La défense observe ensuite que la théorie de la garde juridique est contraire à l’esprit de l’article 1384 al. 1er du code civil. La présomption qu’édicte ce texte ne se justifie que si elle se rattache non à la notion abstraite de propriété mais au fait même du gardien. Les arrêts antérieurs à l’arrêt Franck, employaient l’expression «présomption de faute» dont le gardien pouvait s’exonérer en prouvant l’absence de faute.

A qui une faute peut elle être imputée, relativement à la direction et à la conduite de sa chose, au moment ou celle-ci a causé le dommage ? A celui qui avait la chose sous son pouvoir et qui en la dirigeant mieux aurait pu éviter l’accident.
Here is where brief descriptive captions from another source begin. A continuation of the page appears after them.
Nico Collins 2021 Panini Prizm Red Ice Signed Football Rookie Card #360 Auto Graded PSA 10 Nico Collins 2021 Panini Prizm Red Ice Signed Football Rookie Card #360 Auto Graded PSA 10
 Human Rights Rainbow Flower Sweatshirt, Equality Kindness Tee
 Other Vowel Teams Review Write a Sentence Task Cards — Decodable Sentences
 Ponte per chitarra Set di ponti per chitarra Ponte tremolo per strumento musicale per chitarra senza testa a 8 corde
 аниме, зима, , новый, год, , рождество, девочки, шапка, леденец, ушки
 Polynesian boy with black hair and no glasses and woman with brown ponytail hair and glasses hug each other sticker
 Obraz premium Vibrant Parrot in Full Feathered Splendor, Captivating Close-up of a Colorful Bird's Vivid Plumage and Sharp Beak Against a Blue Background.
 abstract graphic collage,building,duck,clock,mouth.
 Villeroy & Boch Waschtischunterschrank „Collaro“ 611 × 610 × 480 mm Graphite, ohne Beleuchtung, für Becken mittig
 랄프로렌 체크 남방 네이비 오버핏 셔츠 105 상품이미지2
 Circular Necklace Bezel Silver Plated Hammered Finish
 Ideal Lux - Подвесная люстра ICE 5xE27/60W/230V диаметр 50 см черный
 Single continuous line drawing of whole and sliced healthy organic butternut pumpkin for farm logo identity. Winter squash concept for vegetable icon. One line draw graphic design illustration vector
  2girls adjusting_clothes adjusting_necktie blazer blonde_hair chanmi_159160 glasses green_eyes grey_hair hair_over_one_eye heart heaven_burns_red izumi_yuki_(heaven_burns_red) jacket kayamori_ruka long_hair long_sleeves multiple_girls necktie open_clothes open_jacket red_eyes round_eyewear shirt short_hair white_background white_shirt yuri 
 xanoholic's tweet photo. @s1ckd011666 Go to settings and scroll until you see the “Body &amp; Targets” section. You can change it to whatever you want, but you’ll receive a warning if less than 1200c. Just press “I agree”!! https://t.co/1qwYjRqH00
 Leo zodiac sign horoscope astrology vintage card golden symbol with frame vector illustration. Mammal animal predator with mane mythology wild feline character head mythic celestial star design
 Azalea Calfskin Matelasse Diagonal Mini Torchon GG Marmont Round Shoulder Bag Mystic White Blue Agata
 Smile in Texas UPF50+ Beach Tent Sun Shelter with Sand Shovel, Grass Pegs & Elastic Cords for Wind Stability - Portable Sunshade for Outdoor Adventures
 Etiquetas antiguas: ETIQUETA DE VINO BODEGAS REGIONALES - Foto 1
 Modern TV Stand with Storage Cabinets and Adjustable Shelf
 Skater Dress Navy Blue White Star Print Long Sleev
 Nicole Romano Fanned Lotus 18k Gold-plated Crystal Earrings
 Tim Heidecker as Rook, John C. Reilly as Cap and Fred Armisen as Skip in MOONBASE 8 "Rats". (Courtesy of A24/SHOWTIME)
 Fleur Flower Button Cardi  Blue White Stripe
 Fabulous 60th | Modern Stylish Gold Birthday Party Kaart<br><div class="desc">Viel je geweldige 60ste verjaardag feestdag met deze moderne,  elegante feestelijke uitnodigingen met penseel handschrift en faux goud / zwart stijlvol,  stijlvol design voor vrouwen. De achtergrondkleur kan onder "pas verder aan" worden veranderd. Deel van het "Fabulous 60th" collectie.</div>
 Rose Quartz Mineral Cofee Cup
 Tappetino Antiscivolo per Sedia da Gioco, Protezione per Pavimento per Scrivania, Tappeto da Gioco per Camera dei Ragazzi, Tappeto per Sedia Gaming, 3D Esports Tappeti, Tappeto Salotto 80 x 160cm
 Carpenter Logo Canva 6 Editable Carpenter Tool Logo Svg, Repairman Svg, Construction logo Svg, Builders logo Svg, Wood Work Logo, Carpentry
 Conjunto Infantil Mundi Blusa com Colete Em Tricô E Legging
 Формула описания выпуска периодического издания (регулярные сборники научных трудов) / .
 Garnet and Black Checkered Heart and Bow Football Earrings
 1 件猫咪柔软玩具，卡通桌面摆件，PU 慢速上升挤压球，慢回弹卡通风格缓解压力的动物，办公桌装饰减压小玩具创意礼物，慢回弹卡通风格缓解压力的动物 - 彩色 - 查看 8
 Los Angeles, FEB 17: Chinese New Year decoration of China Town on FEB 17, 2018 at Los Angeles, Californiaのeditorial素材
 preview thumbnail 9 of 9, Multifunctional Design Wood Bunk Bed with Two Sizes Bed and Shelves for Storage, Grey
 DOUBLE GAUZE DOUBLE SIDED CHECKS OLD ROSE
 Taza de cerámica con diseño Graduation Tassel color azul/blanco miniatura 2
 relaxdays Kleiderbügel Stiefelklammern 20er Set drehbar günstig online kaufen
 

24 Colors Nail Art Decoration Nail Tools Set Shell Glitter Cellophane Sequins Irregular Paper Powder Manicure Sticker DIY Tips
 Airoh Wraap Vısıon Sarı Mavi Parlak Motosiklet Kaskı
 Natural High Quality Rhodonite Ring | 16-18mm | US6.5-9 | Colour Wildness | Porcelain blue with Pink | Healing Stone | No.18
A celui-là seul, et non au propriétaire dépossédé, dont le pouvoir sur la chose se trouvait réduit à l’exercice éventuel d’une action en revendication. Dire que la présomption de responsabilité pèsera non sur le voleur mais sur le volé revient à retirer tout fondement à l’article 1384 d’où consécration de la théorie de la garde matérielle.

Cette conception matérielle est défavorable à la victime mais «juste » pour le propriétaire qui ne sera présumé responsable du fait de sa chose malgré sa qualité de propriétaire.

L’abandon de la théorie de la garde juridique a pour conséquence que le lien ne se fait plus entre propriété et garde mais qu’il se fait désormais entre possession et garde. On assiste à une subjectivisation de la notion de la garde car la responsabilité du gardien n’est retenue que s’il a mal exercé ses pouvoirs «d’usage, de contrôle et de surveillance», ce qui ressemble à l’idée de comportement défectueux, ce qui renvoie à la notion de faute.